Source data:
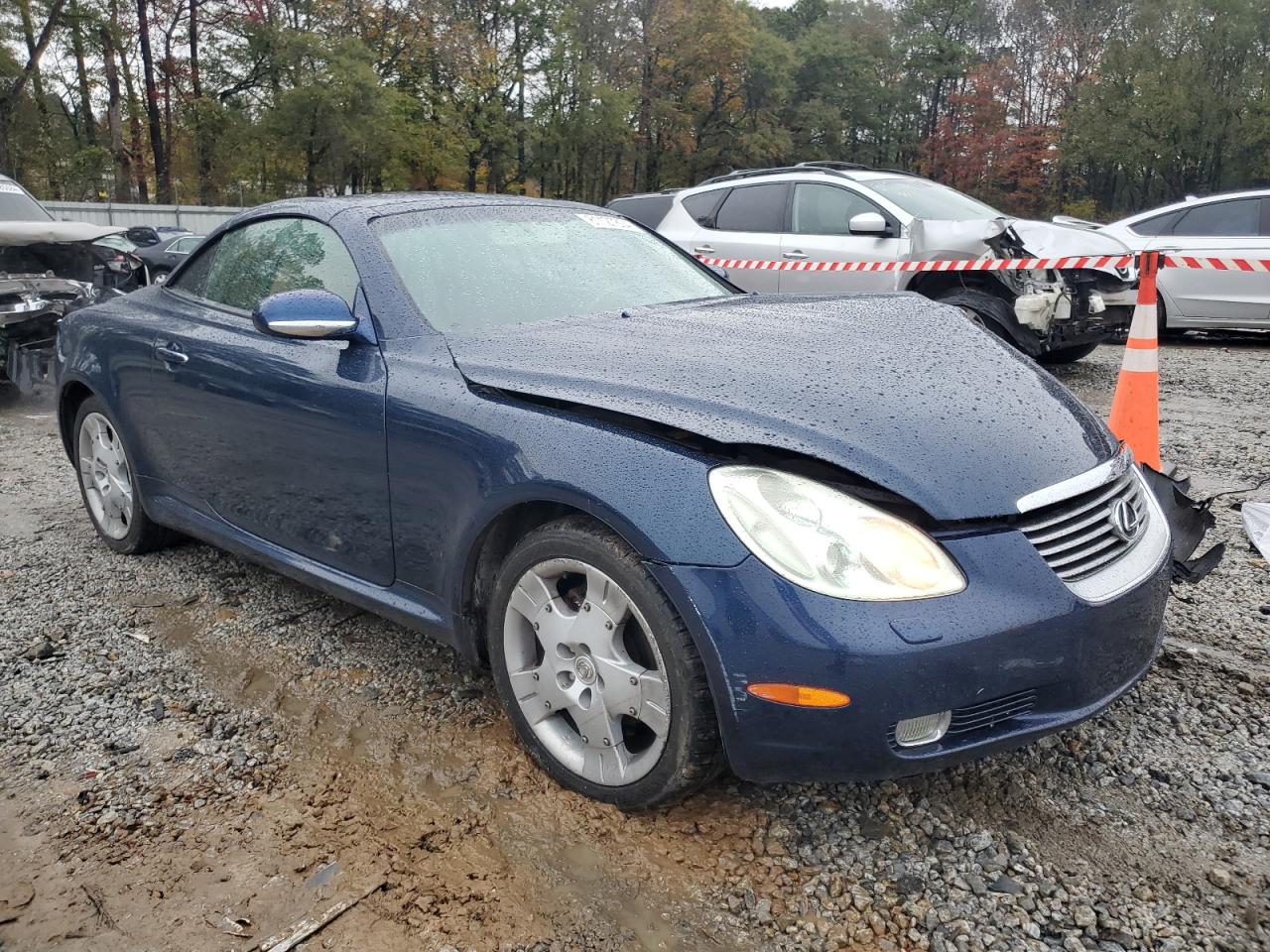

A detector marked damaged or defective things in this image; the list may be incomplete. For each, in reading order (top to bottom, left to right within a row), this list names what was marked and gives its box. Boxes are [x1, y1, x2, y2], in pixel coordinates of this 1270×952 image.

wrecked vehicle [0, 174, 128, 388]
damaged white car [1, 175, 127, 391]
wrecked vehicle [609, 162, 1137, 363]
damaged white car [609, 162, 1137, 363]
wrecked vehicle [57, 195, 1168, 812]
broken plastic debris [1239, 502, 1270, 563]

What needs to be done:
Your answer must be the entries written out word for word, without their pictures.

Written solution:
A detector marked damaged or defective things in this image; the list may be incomplete. For each, in reading order (top to bottom, left to right within a row), this list names what was marked and gives its box. Boxes are [x1, y1, x2, y2], in pixel coordinates of this 1270×952 image.

wrecked vehicle [0, 174, 128, 388]
damaged white car [1, 175, 127, 391]
wrecked vehicle [609, 162, 1137, 363]
damaged white car [609, 162, 1137, 363]
wrecked vehicle [57, 195, 1168, 812]
broken plastic debris [1239, 502, 1270, 563]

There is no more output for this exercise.